Pubdate: Sun, 31 Dec 2006
Source: Star-News (NC)
Copyright: 2006 Wilmington Morning Star
Contact:  http://www.wilmingtonstar.com
Details: http://www.mapinc.org/media/500

BETTER, CHEAPER WAYS TO FIGHT CRIME

Before North Carolinians spend tens of millions of dollars to build 
even more prisons, maybe we should look at how other states deal with 
prison overcrowding.

Rather than building cells until the sun burns out, some states have 
shortened the sentences for nonviolent crimes and minor drug 
offenses. That leaves space for predatory thugs who pose a much 
greater threat to the public. And though it would seem logical that 
crime should go down as prison populations go up, some statistics 
show just the opposite. Then there's New York City. Its murder rate 
fell by 70 percent in the past decade - at the same the city was 
cutting its inmate population by 34 percent. The man who oversaw that 
process was the corrections commissioner for former Mayor Rudolph 
Giuliani, who built a national reputation for reducing crime.

Even if North Carolina weren't expecting 6,400 more prisoners than 
cells within nine years, lawmakers would be smart and humane to take 
an open-minded look at the way we deal with drug offenders. Federal 
and state laws often make little distinction between the merchants of 
narcotics and their customers. It's one thing if drugs are a 
business. It's another if they're a weakness.
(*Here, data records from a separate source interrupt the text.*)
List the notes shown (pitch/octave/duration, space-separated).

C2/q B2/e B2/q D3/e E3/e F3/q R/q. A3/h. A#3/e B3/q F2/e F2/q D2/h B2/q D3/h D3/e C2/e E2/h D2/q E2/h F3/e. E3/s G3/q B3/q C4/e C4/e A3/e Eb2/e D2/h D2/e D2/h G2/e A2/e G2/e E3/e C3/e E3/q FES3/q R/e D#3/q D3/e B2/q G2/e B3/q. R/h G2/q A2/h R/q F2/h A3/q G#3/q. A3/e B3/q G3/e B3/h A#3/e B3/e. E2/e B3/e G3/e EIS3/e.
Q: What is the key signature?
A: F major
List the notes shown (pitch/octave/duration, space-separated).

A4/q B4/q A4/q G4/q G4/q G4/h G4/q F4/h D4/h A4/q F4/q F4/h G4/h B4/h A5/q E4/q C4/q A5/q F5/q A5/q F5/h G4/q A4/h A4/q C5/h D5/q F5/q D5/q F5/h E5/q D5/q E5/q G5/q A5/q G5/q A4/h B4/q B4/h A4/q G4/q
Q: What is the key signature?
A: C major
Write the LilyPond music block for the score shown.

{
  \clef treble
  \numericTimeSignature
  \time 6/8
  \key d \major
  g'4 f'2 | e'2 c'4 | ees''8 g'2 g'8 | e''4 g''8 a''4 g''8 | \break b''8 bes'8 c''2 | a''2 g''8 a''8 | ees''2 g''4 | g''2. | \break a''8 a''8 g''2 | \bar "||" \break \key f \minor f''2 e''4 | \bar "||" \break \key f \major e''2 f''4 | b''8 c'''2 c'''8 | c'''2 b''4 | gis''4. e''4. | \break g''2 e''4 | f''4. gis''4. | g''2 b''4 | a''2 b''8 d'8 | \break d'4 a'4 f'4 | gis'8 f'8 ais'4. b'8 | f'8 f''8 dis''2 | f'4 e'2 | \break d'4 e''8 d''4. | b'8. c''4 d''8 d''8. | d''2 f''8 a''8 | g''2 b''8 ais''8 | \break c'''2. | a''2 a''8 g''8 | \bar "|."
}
Kansas and Nebraska are talking about expanding drug treatment 
instead of building more prison cells. Treatment not only costs a lot 
less, but it offers a chance to salvage a life and the lives of the 
user's loved ones. And saving those lives also saves money that 
otherwise would be spent for social programs, welfare, courts and jails.

Every dollar spent to deal with failure is a dollar not spent to help 
people avoid failure - not spent for schools, health, recreation or 
other positive programs. As Giuliani's corrections commissioner 
recently observed, "sure, we can lock up more people, but that's why 
your kid's pre-K class has 35 kids - all the money is going to prisons."

Only a fool wants to let dangerous criminals among us. Only a 
spendthrift believes we can lock up everybody who does anything that 
politicians call wrong.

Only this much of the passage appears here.